El progreso de la vitivinicultura es deudor de la ciencia. No más, pero tampoco menos que cualquier otra tecnología de producción del siglo XXI. Cuando hablamos de edafología, de cepas, de clones, de levaduras, de maloláctica, de estabilización, de oxidación, de taninos, de antocianos, de metabolismo, incluso de refrigeración, usamos términos y conceptos de procedencia científica, ahora habituales en el proceso de elaboración del vino.

Como cualquier otra tecnología de producción, si se desconecta de la ciencia perderá capacidad evolutiva y contraerá riesgos que acabarán perjudicándola a corto y medio plazo.

El mundo del vino no puede permitirse, no ya dar la espalda, sino ni tan solo mirar de reojo los avances científicos y sustituir los paradigmas de la ciencia por otros que se sustenten en apriorismos y prejuicios originados finalmente en la ignorancia.

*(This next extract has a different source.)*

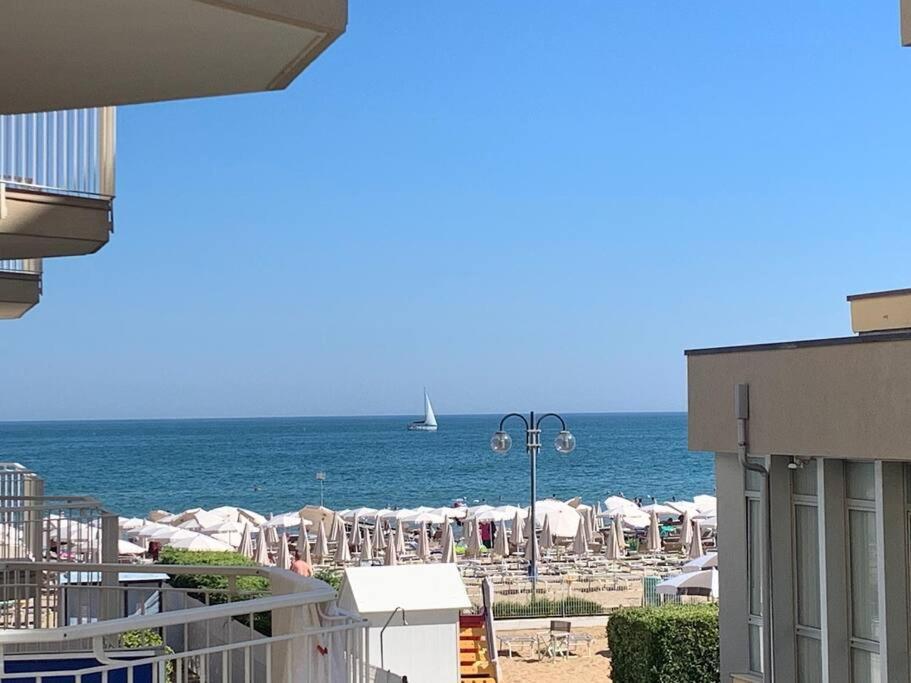 Appartamento Bianca Fronte Mare *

El sector del vino elabora un producto de alto valor cultural y por esa razón necesita clientes, no creyentes.

El vino requiere enólogos llenos de talento y curiosidad, capaces de interpretar y aplicar las innovaciones surgidas en los diferentes ámbitos del conocimiento científico, no predicadores que apliquen reglas conventuales no contrastables, escritas desde la iluminación intelectual.

Hay que evitar con la máxima energía que las pseudociencias, con su inherente falta de rigor y capacidad autocrítica, tan de moda en estos últimos años, arraiguen en las formas y el fondo de la enología.

La competitividad, el prestigio y la seguridad alimentaria del vino pueden acabar gravemente comprometidas.